FREE WHITEWATER

New Whitewater’s Inevitability

I’ve written before about the transition — one that I believe is certain, as much as anything human can be — from Old Whitewater to New Whitewater. A summary of my thinking:

  • There’s a transition taking place, slowly but ineluctably, from a stodgy, stagnant Whitewater to a more hip & prosperous one.
  • We’ve probably about ten years to go (a period likely to be one of greater change than the last twenty years’ time combined).
  • New Whitewater will be freer, more diverse, and fundamentally multiethnic and multicultural.
  • Although I’m a libertarian, I don’t believe Whitewater’s future politics will be fundamentally libertarian – it’s more likely to be, mostly, a mix of confident progressives and confident opportunity conservatives.
  • There’ll be futile resistance to these changes, and more than a few bumps along this road.  We’ll see more than one disappointment between now and then.  (There will some afterward, too — just not as many). Still, scores of past and current practices will find their way only to the dustbin.
  • Whitewater’s diversity will emerge from people and in ways not yet heralded – our city will be less centralized.
  • For it all, we’ll be much better off.

This transition will be harder for some than others.  Along the way to a more diverse and open city, one can expect that some will insist nothing’s changing, and that nothing can change.  Some of this insistence will be sincere but mistaken, but at other times dishonest and self-deceiving.   Those who don’t want change will declare that there isn’t any, and then pretend that there isn’t any.

We’re well into the pretending stage, actually.

I’ve been writing for nearly five years, and I’ll happily write for fifty, or perhaps one-hundred fifty, more.  (That would give me 140 years of a hip & prosperous Whitewater — I’ll take that, gladly.)

But I don’t believe — and will never believe — that the present or (certainly) the future revolves around one website, one blog, one city official, one politician, or one group.  Of course not — our city is 14,622, not a few or even a few hundred.

One should not be deceived about what Whitewater’s like even now.  It’s already more diverse — from so many forms of expression, of so many residents — than one website.  It’s much more diverse than that.

The champions of the status quo will herald a single website “receiving on average over 50,000 hits” or being “read throughout the US and world by those with ties to the community,” but that’s only a fraction of what this blog (FREE WHITEWATER) receives on a slow month — FW receives 4.8x as many even on a slower month like this March.

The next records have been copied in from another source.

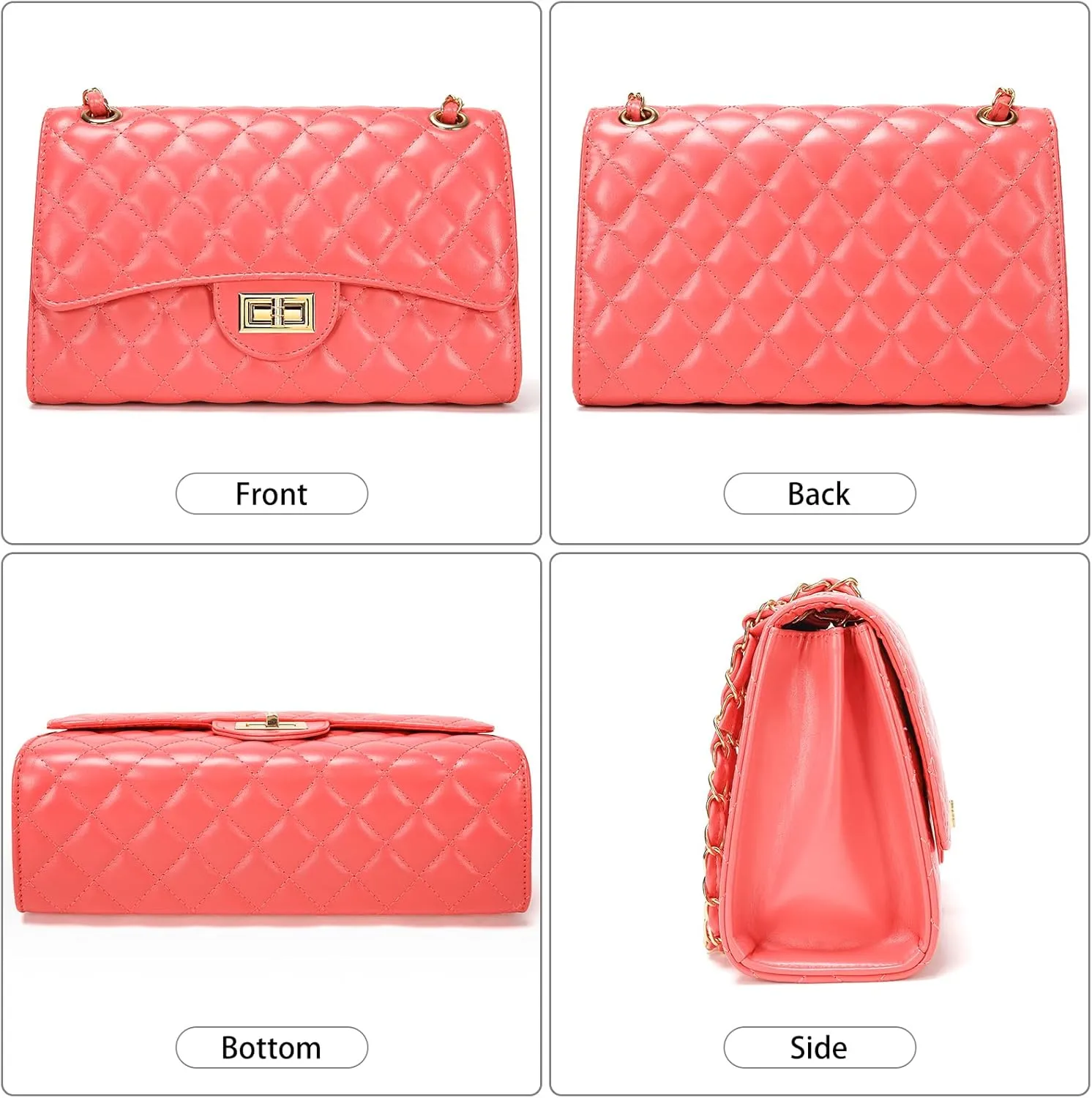 Quilted Leather Crossbody Bags for Women Trendy Ladies Shoulder Purse Satchel HandBag with Chain Strap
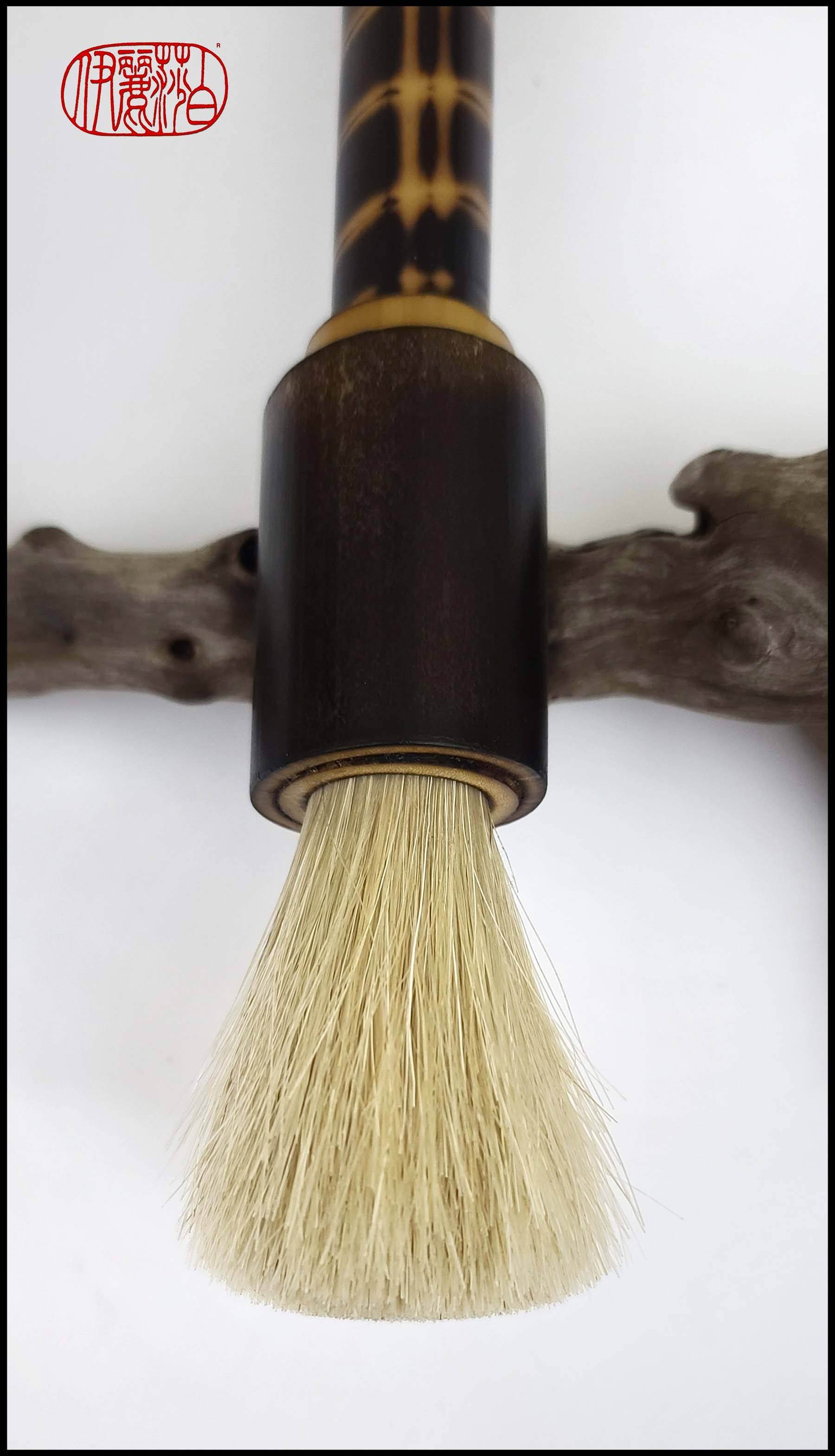 White Horsehair Paint Brush with Striped Bamboo Handle Art Supplies Elizabeth Schowachert Art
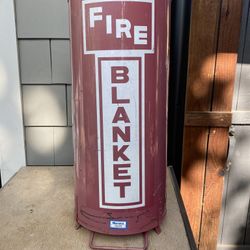 Vintage Fire Blanket Canister With Blanket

To this website’s readers — thanks so very much.

What does this mean?

Most importantly, this traffic comparison means that when one considers all the other ways to communicate — telephone, mail, email, Facebook, Twitter, Pinterest, Google+, in person, via video, text messages, etc. — the total communication of our 14,622 neighbors dwarfs any website or blog.

That doesn’t bother me — I like it, and hope for more and still moreEach and every thoughtful person in this city will benefit from an expanding marketplace of ideas.

Second, my traffic comparison should give heart to those others who are considering their own publications – one can take one’s own path, write from one’s own convictions, and be larger than an insider’s publication.  A dissenter embracing America’s free traditions can build a bigger audience than any defender of the status quo I am convinced that there will one day be efforts far grander than anything we’ve yet seen, from people of whom we’ve not yet heard, and I welcome that future.

New Whitewater unfolds, around and ahead of us.